→ Extracted data
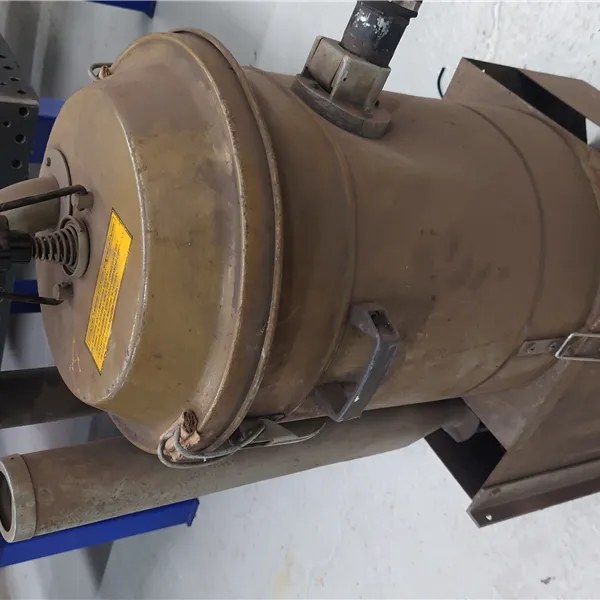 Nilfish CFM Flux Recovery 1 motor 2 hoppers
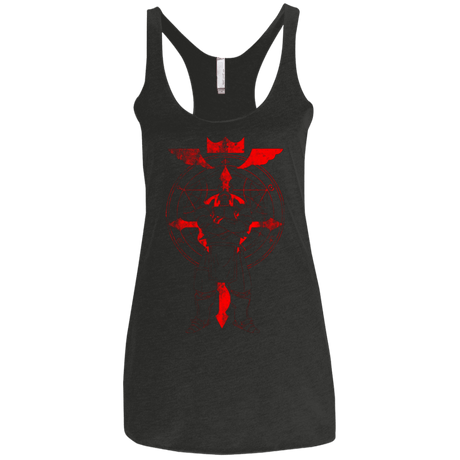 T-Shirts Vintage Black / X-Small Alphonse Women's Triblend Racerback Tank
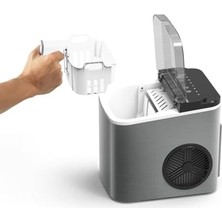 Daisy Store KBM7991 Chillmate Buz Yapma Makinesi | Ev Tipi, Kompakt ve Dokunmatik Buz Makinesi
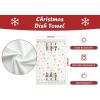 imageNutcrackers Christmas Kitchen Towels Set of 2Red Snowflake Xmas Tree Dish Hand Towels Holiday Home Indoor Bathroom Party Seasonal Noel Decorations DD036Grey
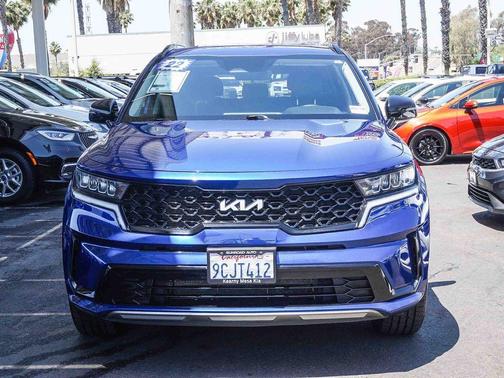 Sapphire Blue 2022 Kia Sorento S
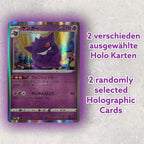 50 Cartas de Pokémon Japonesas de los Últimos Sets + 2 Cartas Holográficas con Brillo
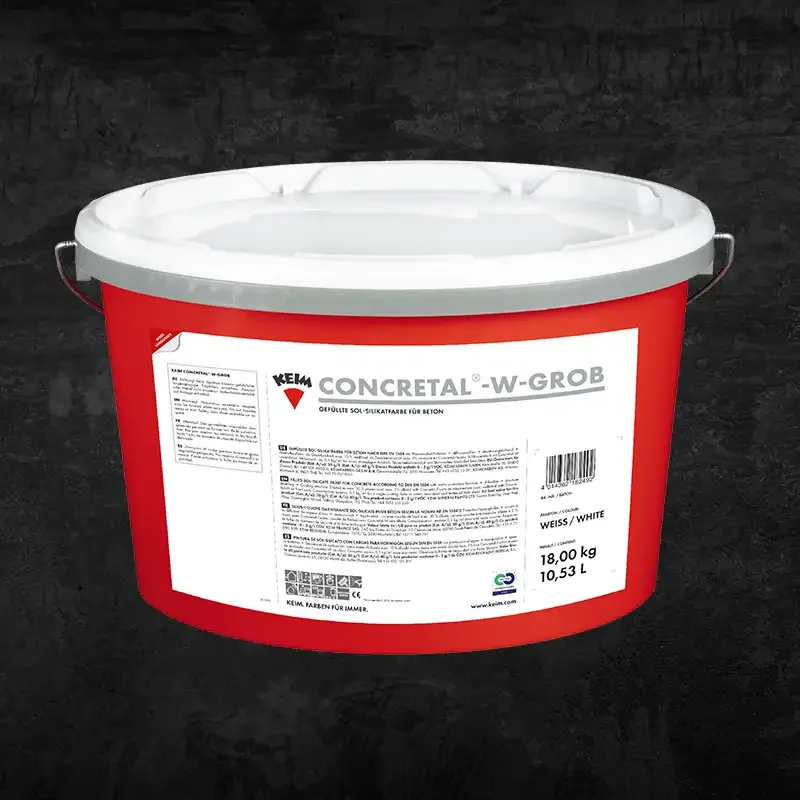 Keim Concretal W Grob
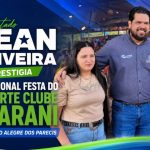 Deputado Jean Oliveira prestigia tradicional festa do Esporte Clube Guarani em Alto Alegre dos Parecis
...
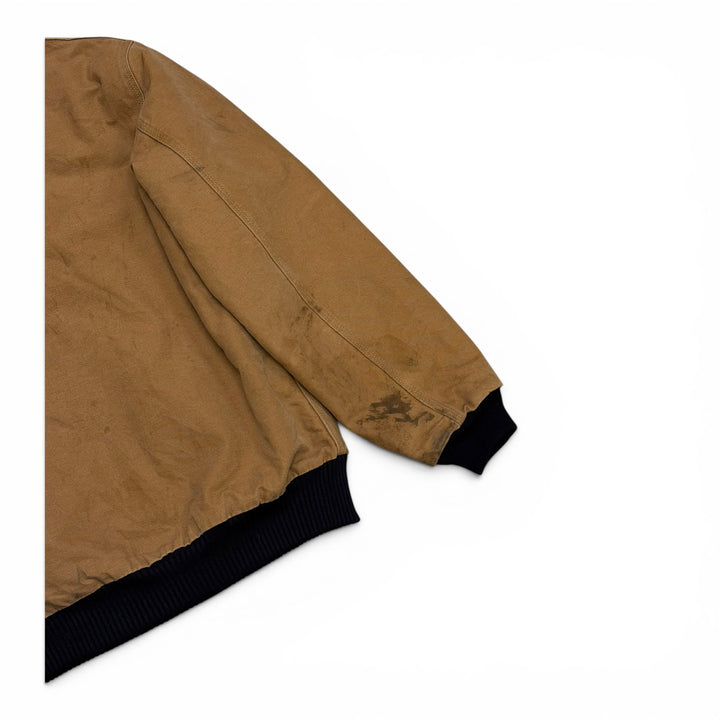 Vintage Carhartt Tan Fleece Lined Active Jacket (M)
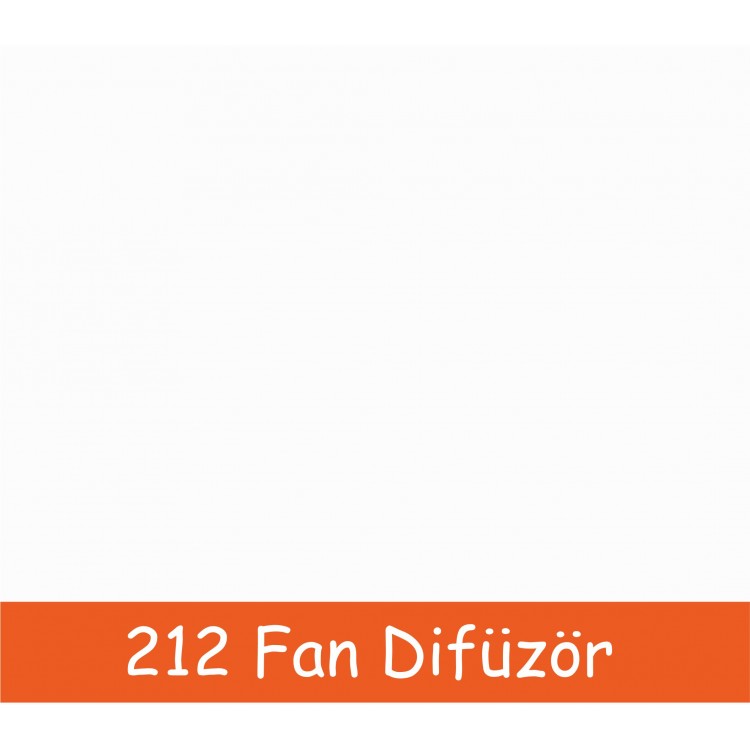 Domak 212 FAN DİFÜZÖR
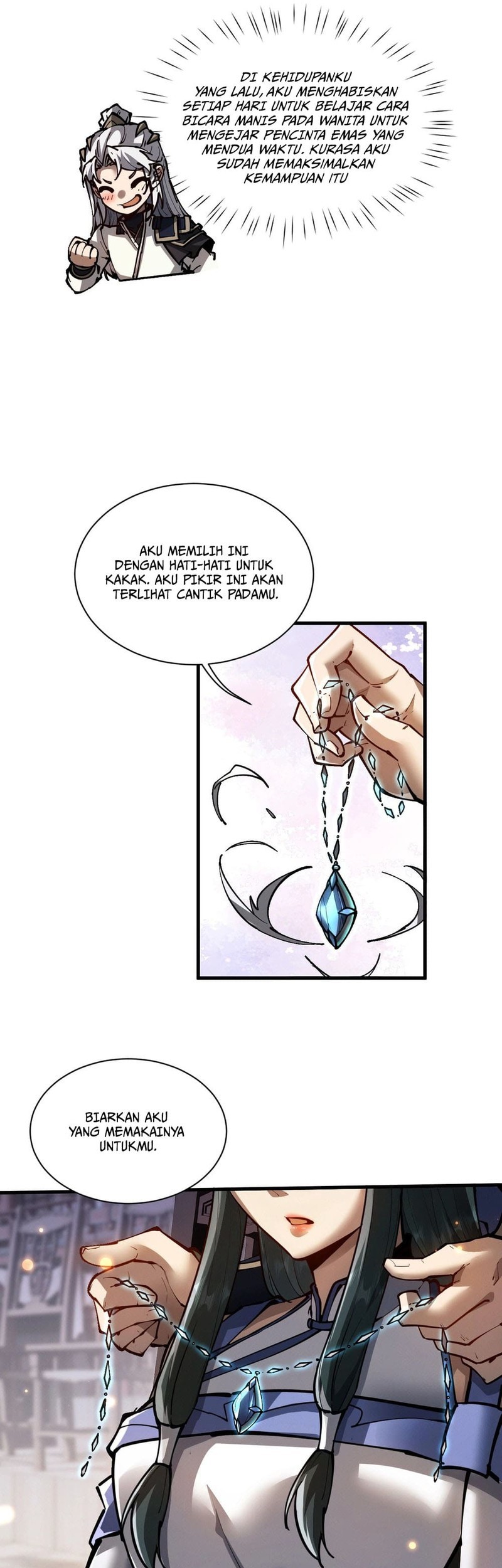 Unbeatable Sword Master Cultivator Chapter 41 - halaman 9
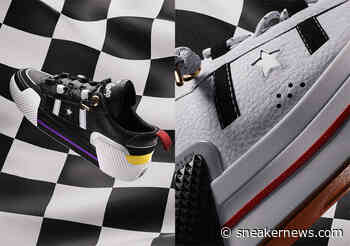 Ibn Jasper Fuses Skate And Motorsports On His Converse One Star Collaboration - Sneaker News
...
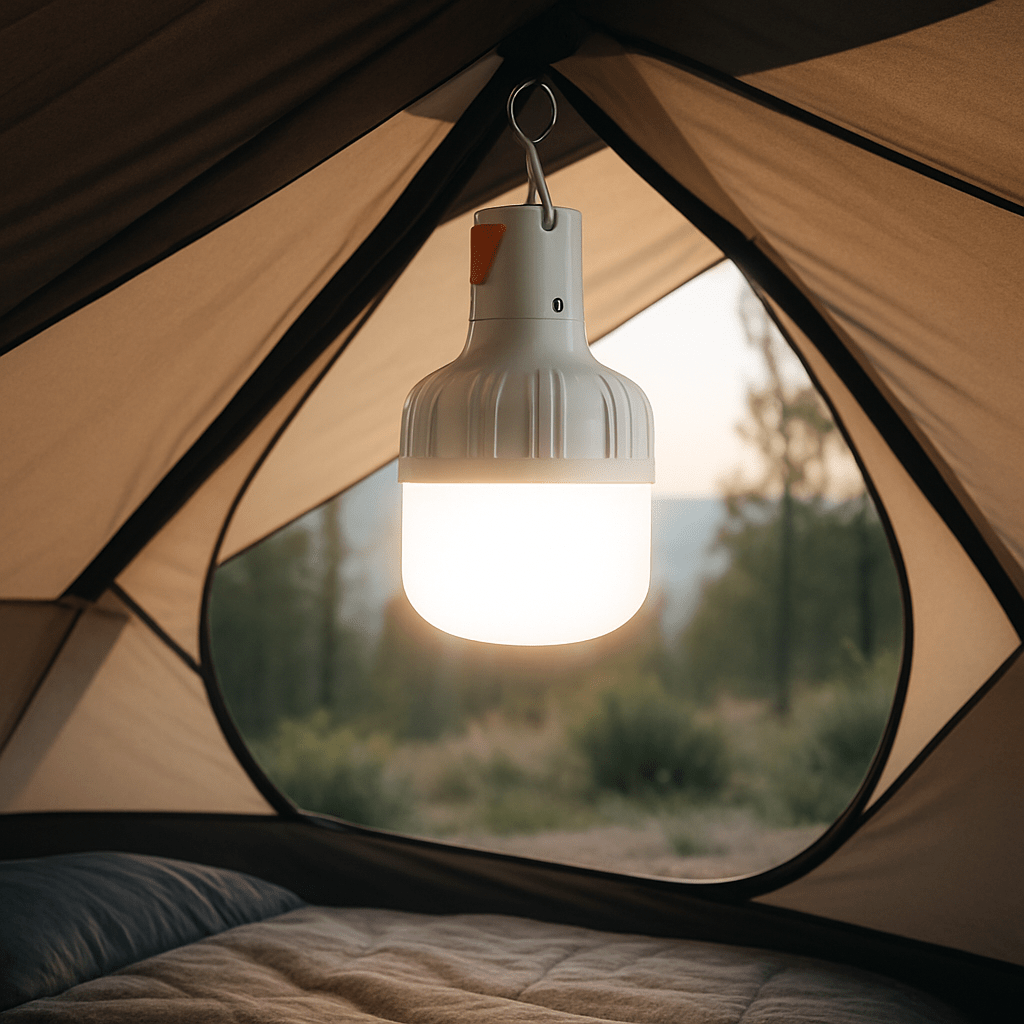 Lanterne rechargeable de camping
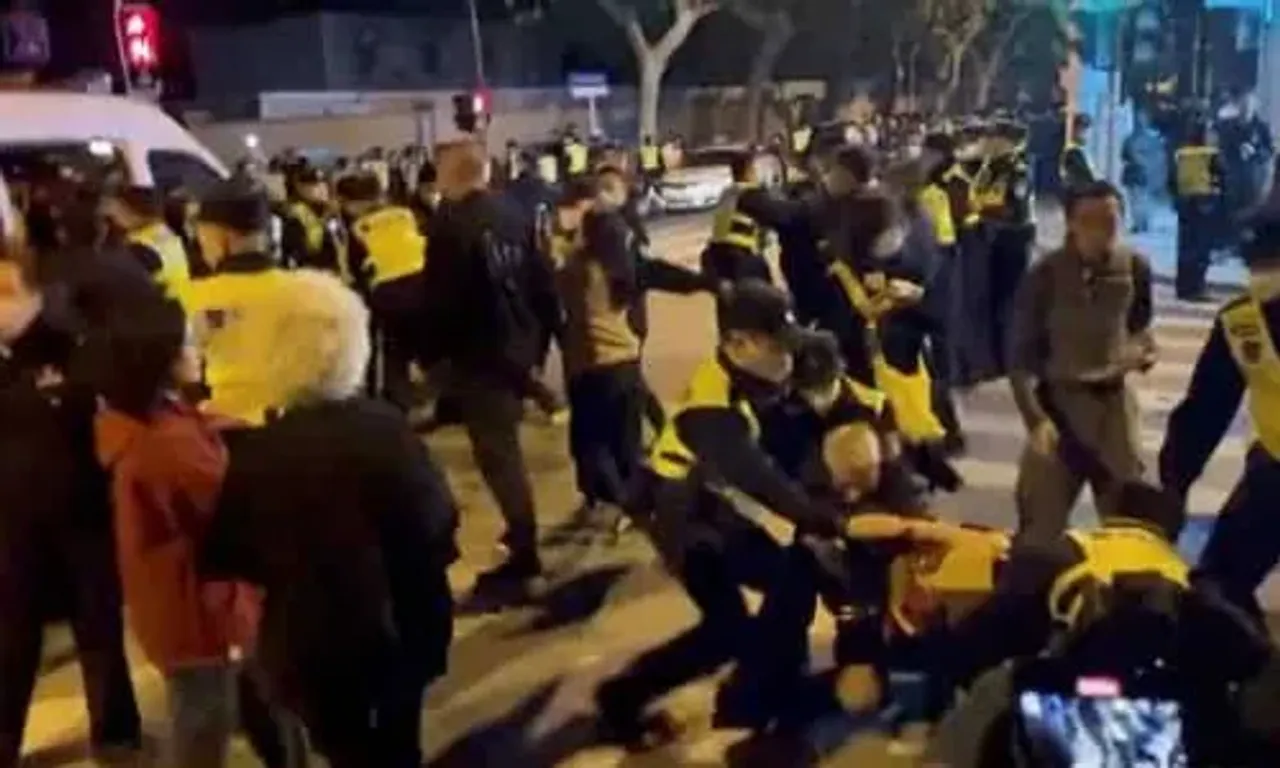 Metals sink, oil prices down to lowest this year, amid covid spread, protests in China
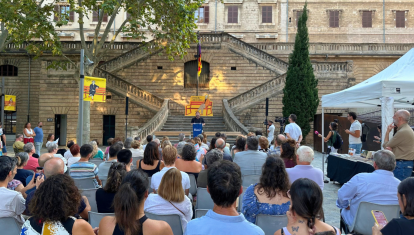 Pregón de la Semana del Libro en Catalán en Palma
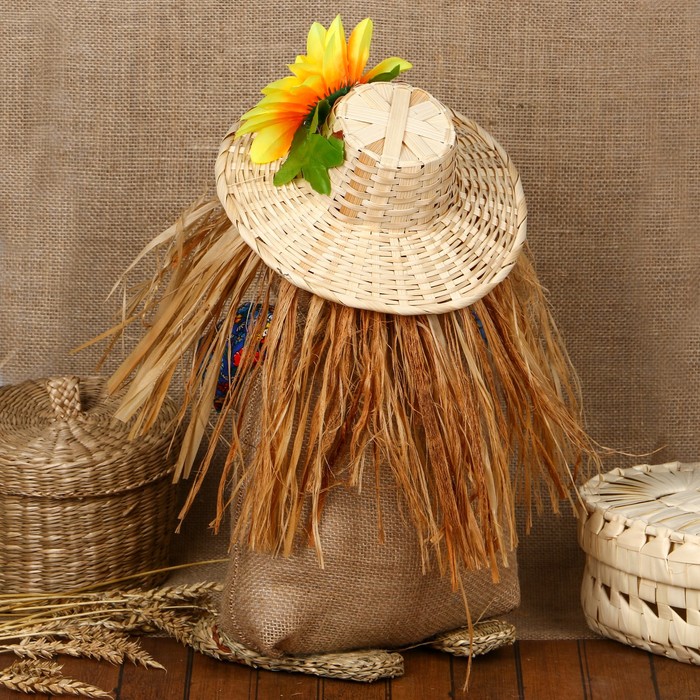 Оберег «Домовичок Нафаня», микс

→ Task details
Look above for the line with "Domak 212 FAN DİFÜZÖR" and the line with "Ibn Jasper Fuses". Copy them and every line between, exactly, but no pictures.

→ Response to the exercise
 Domak 212 FAN DİFÜZÖR
 Unbeatable Sword Master Cultivator Chapter 41 - halaman 9
 Ibn Jasper Fuses Skate And Motorsports On His Converse One Star Collaboration - Sneaker News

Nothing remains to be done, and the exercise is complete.